The Vesper representative provided seminar attendees with a detailed update on global milk supply, which contained huge variations across the continents. In Asia, the Chinese milk-production sector powered ahead with an 8.7 per cent increase, year on year, for 2022. In New Zealand, despite a decent production season, after a very sluggish weather-tempered start to their season just closing, the out-turn for the year shows an almost 4 per cent supply reduction. Latin American milk production decreased by 3.17 per cent for 2022. Meanwhile, nearer to home, the EU was marginally back on the previous year. Likewise, the US milk-production sector was stagnant last year, delivering the same volumes as it did in 2021. Higher production costs, especially in feed, fertiliser and energy, sapped production potential during 2022, resulting in supply and demand coming into a more balanced position. The cost squeeze and lower production in some regions drove dairy product prices to historic highs, dampening consumer demand. 

brighter days2

Positive outlook

It was at this stage of Jasper’s presentation that a more positive outlook for international dairy markets began to manifest. On the demand side, he noted that the big dairy-importing regions are becoming increasingly active in the global dairy market, with global competitiveness increasing to secure exports. Putting on his official forecaster’s hat, he ruminated on what will happen in the coming months. He believes that milk deliveries are likely to be lower again this year in the EU. Pay-out prices to producers will decrease further to settle around a 40c/kg average in Europe. On that basis, Irish producers may have seen the last of the current round of price reductions. That bottoming out of milk prices, Jasper indicated, should return prices, in general, to historical averages. That would not be a positive medium-term proposition given sharp deterioration in production margins, driven by high input costs.
Of course, there is the potential for further falls in energy prices as global energy production weans itself away from Russian gas supplies. That, in turn, would drive fertiliser prices down further. They have already reduced significantly from their heady highs, exacerbated by the war in Ukraine. Some of the high fertiliser prices were caused by high gas prices and limitations on availability, and a consequent mothballing of fertiliser manufacturing plants in Europe as demand for fertiliser waned because of those high prices. If some measure of normality returns to the energy sector, in terms of supply and price, then the production cost squeeze on milk production should also ease. The summation of Jasper’s dairy market analysis was that there will be a slow increase in prices as we move through the second half of 2023 and into 2024. 

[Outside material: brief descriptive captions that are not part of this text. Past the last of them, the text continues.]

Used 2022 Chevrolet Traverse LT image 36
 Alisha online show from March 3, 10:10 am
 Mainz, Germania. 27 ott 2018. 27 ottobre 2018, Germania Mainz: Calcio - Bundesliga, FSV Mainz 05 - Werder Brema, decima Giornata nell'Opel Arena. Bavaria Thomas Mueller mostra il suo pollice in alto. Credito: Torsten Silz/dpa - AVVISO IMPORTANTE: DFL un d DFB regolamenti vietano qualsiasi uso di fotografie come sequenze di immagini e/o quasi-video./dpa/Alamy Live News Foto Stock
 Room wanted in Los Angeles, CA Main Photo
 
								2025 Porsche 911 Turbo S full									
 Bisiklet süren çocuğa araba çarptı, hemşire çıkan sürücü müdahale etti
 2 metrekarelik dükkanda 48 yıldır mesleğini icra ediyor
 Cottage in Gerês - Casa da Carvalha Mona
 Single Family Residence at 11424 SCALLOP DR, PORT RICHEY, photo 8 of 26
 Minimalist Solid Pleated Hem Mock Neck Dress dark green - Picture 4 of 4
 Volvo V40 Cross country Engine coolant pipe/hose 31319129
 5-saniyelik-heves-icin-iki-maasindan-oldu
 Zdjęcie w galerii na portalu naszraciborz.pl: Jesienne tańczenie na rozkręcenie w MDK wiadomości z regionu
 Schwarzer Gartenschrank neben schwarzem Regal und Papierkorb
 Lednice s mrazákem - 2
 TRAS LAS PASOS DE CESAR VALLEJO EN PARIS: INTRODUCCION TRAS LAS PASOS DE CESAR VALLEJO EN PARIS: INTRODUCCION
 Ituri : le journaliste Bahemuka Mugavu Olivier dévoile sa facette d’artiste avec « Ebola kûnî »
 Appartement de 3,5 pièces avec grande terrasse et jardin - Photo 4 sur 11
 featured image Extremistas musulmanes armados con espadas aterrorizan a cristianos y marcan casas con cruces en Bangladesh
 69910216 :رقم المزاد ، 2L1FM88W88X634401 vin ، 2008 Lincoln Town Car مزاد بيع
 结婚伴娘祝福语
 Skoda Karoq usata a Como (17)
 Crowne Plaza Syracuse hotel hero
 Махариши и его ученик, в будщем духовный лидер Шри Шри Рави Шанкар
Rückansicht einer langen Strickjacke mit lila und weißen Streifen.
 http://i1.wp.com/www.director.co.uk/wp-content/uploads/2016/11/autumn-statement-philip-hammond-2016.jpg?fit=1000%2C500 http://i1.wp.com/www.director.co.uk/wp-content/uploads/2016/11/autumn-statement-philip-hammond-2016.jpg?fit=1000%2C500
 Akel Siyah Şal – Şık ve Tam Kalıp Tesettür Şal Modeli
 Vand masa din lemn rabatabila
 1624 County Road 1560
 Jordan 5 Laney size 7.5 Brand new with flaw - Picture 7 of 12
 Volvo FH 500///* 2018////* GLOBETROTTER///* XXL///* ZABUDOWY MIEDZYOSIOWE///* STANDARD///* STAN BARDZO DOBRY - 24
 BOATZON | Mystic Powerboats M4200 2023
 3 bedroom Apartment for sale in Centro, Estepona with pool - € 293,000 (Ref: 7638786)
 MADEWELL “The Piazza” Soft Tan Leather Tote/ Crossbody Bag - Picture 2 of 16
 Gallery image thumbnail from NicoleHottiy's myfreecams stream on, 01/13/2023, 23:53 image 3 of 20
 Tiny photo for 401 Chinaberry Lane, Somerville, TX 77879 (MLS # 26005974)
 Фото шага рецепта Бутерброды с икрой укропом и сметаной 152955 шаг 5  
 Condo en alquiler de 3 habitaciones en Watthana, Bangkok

Bord Bia also took the opportunity at the seminar to outline refinements to its Origin Green Programme. Mick Houlihan, senior manager, agricultural sustainability, explained that Bord Bia is currently working on the development of a primary producer standard. So, while standards are in place for dairy, as well as beef, lamb, pigs, poultry and horticulture, the organisation is now engaging in a process of combining all the individual sector standards into one primary-producer standard. He cited greater efficiency when the process is completed in terms of certification of farms. In addition, he affirmed that efficiencies at farm level will be delivered from this standardised system. Multiple schemes are necessary because many farms have multiple species and enterprises on their farms. At the heart of it all, the Bord Bia sustainability manager insisted, are the three core values, including animal welfare and husbandry, traceability and product safety, and sustainability.